(Source data)
....................

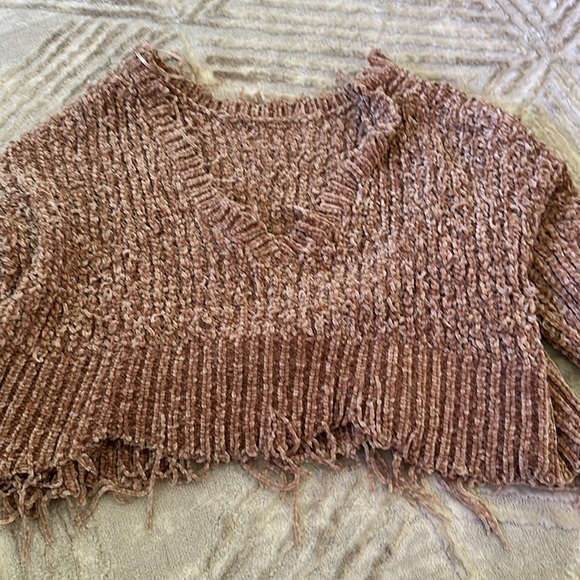 Tan sweater - Picture 2 of 3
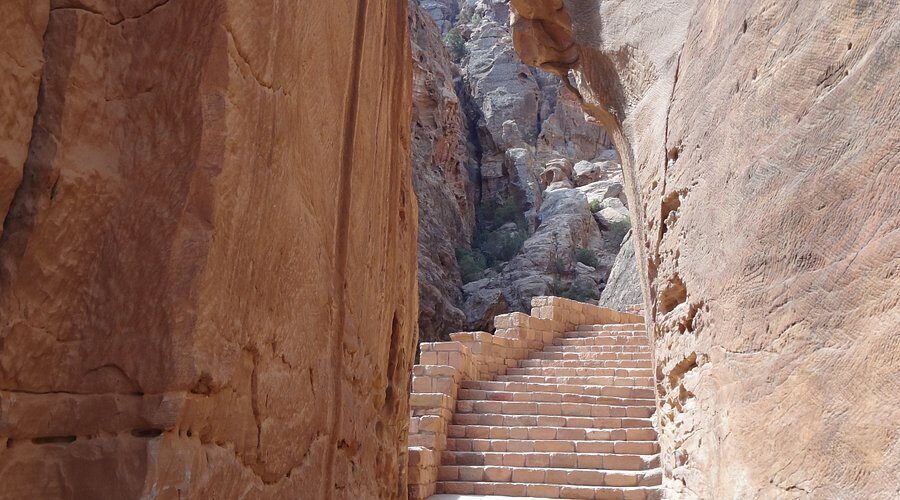 Rotsachtig wandelpad met stenen trappen in Petra, Jordanië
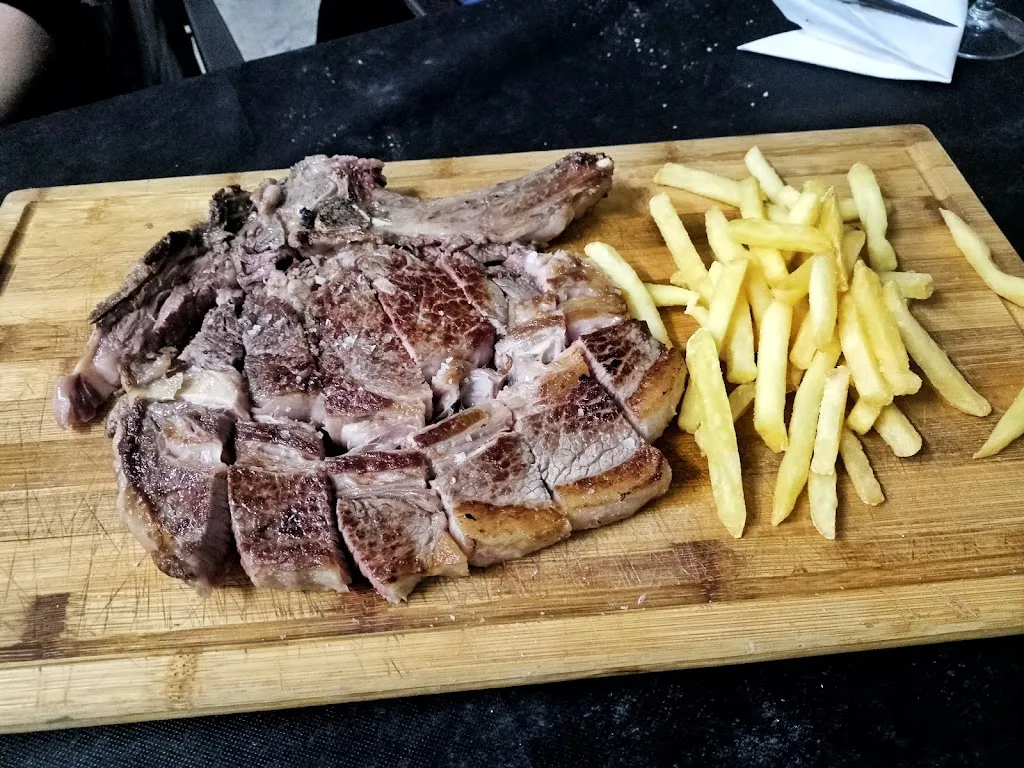 Bar La Plaza Rubén_San Bartolomé de Pinares_slider_image_2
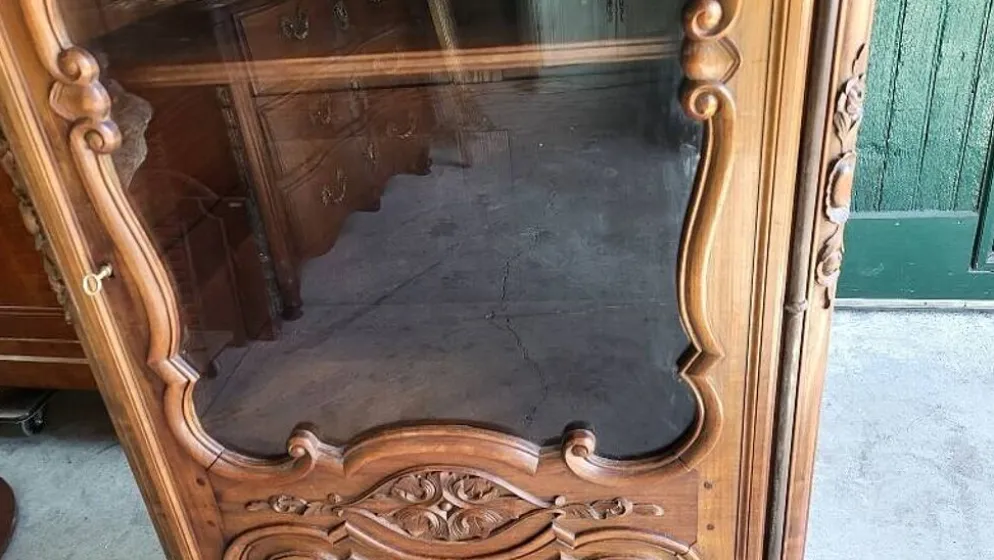Vitrine style louis xv 1 porte en merisier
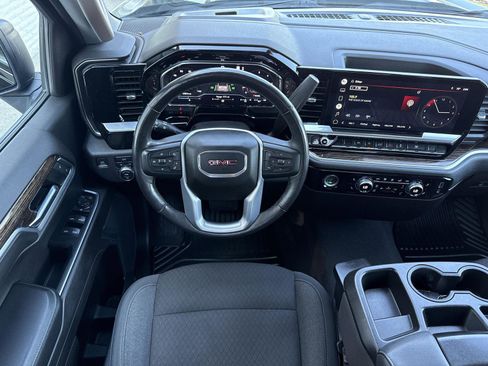 Used 2022 GMC Sierra 1500 Elevation AWD/4WD image 16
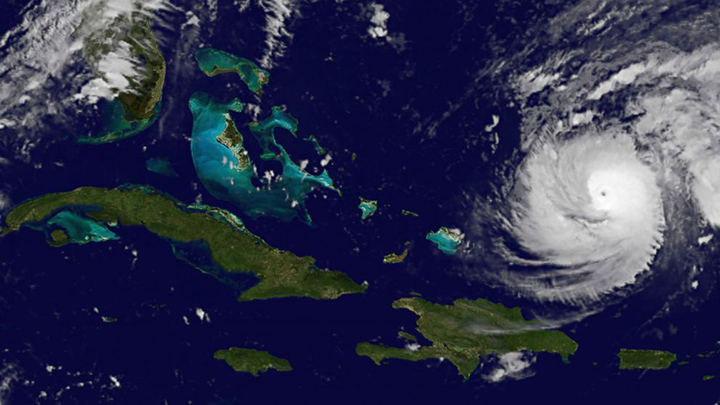 Hurricane Gonzalo Head Towards Bermuda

....................

= ABOUT THIS EXERCISE =
Every line of the data above is to be set down exactly; the pictures are not.

= EXPECTED OUTPUT =
 Tan sweater - Picture 2 of 3
 Rotsachtig wandelpad met stenen trappen in Petra, Jordanië
 Bar La Plaza Rubén_San Bartolomé de Pinares_slider_image_2
Vitrine style louis xv 1 porte en merisier
 Used 2022 GMC Sierra 1500 Elevation AWD/4WD image 16
 Hurricane Gonzalo Head Towards Bermuda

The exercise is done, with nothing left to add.